(GIVEN DATA)
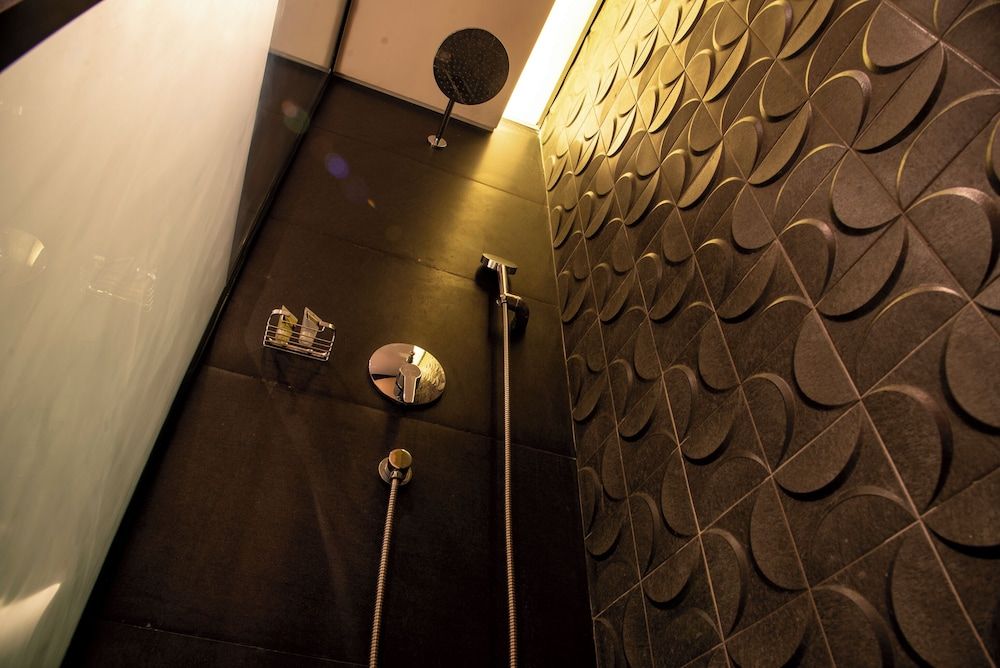 The Blowfish Hotel Executive Double Room 5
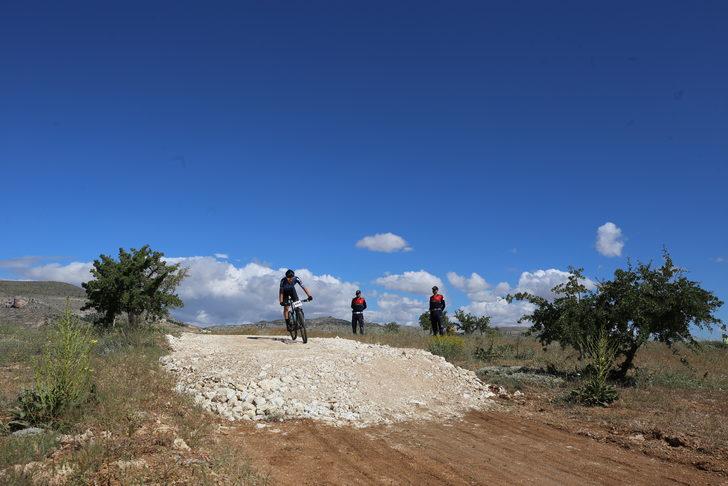 "Uluslararası Levent Vadisi Dağ Bisiklet Yarışı" Malatya'da başladı G4
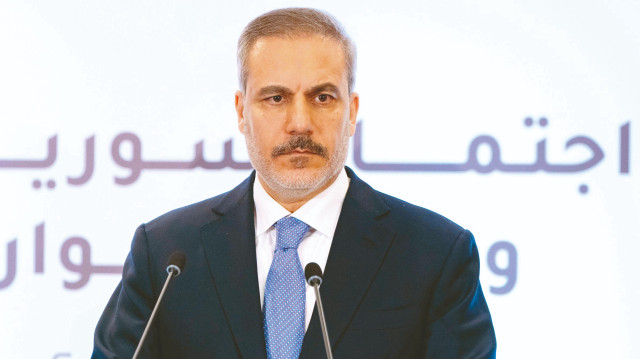 Bakan Fidan İngiliz bakanla görüştü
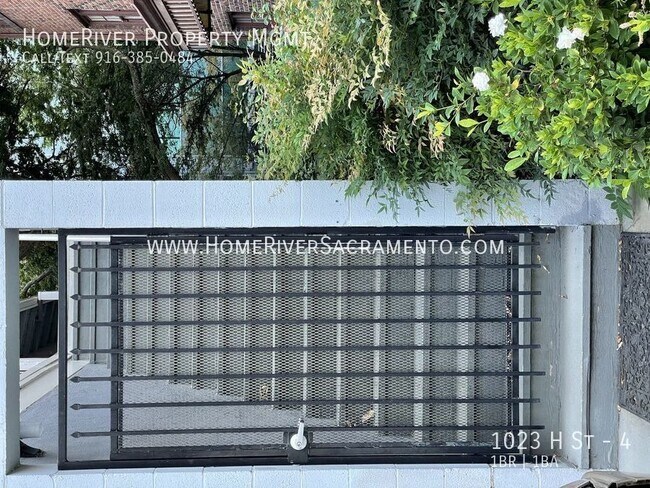 Building Photo - 1023-04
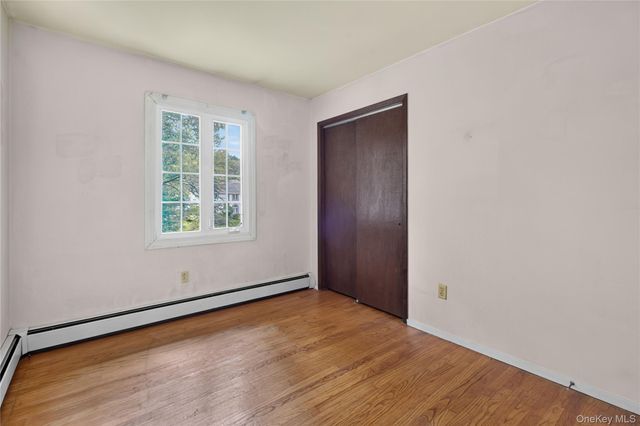 8 Peter Avenue, Newburgh, NY 12550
(End GIVEN DATA)
Output every record verbatim, skipping images.

 The Blowfish Hotel Executive Double Room 5
 "Uluslararası Levent Vadisi Dağ Bisiklet Yarışı" Malatya'da başladı G4
 Bakan Fidan İngiliz bakanla görüştü
 Building Photo - 1023-04
 8 Peter Avenue, Newburgh, NY 12550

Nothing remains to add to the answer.